Los padres de Timo y yo nos escondimos en el piso de unas chicas que vivían en el primero del edificio contiguo. Sara, una de nuestras anfitrionas, se desgañitó en la ventana llamando a los que corrían, pero al final tuvo que cerrar porque el gas entraba y su llamada no hacía más que confundir a la gente en fuga. No pudimos ver mucho más pegados a aquellas cristaleras. Apenas sombras que corrían entre volutas cada vez más espesas de niebla ocre. El trasiego se fue apagando hasta que solo se oía el llanto de un hombre en alguno de los pisos de arriba, a través del patio interior. Pero hasta esa puerta hubo que cerrarla cuando el gas saltó la azotea.
Casi no hablamos esa noche. Intentamos hacer cosas útiles: preparar comida, acomodarnos como podíamos, seguir probando a llamar a quien fuera con el móvil, que de improviso se había quedado mudo, igual que la televisión e internet. Pero, poca a poco, todos acabamos junto a la ventana. Mirando la marea gaseosa se arremolinaba contra los recovecos de nuestra antigua vida, que se rasgaba de vez en cuando con un destello o un grito. Y mientras estábamos así, de pie, muy juntos, Ali, la otra chica del piso, también cambió de golpe.
Cayó al suelo gritando de dolor cubriéndose la cara. Sara y yo intentamos acercarnos, pero nos quedamos congelados al ver que la chica apartaba las manos de la cara y sus ojos refulgían. Se habían convertido en dos pozos de luz. Debió de ver nuestro gesto horrorizado, porque ella misma trastabilló de espaldas y extendió o una mano para indicarnos que nos alejáramos. En cuanto llegó a la pared contraria de la habitación gritó de nuevo y se hizo un ovillo en el suelo. No habíamos dado ni tres pasos cuando todo su cuerpo estalló en luz.

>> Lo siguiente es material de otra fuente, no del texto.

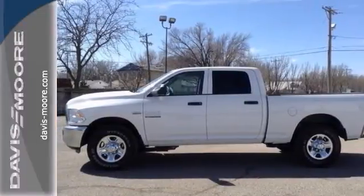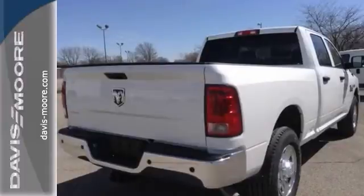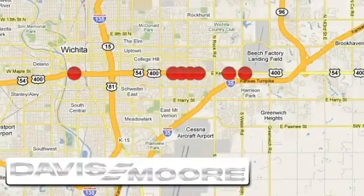Stop in and take it for a test drive today. It's easy doing business at Davis Moore. Call or stop into the dealership near you today.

Por fin los puntos de luz intermitentes fueron desapareciendo de mi campo de visión y me encontré a Ali inclinada junto a su amiga. Su cuerpo ahora era más esbelto, casi hasta el imposible, una capa de luz ondulante cubría su piel y sus rasgos se habían afilado más allá del rango humano. Sara se dejó ayudar y se quedó mirando la nueva forma de la otra chica. “Tengo que irme”, dijo con una voz aflautada, “El niño está ahí fuera, peleando. Y hay otros. Pronto seremos más.” Intenté preguntar contra quién, pero ella respondió antes de que lo hiciera. “Contra los que no son como nosotros. Los que pintaron el mundo de gris.” “¿Timo está bien?”
Preguntó la madre del chico, llorando. El aire se llenó de olor a flores y Ali asintió.
“Volveré en cuanto pueda con máscaras para vosotros. Resistid hasta que estéis preparados.” Dijo. Desenfundó un arco de pura luz que un segundo antes no colgaba de su hombro y salió al mar de bruma.
Así empezó para mí nuestra revolución.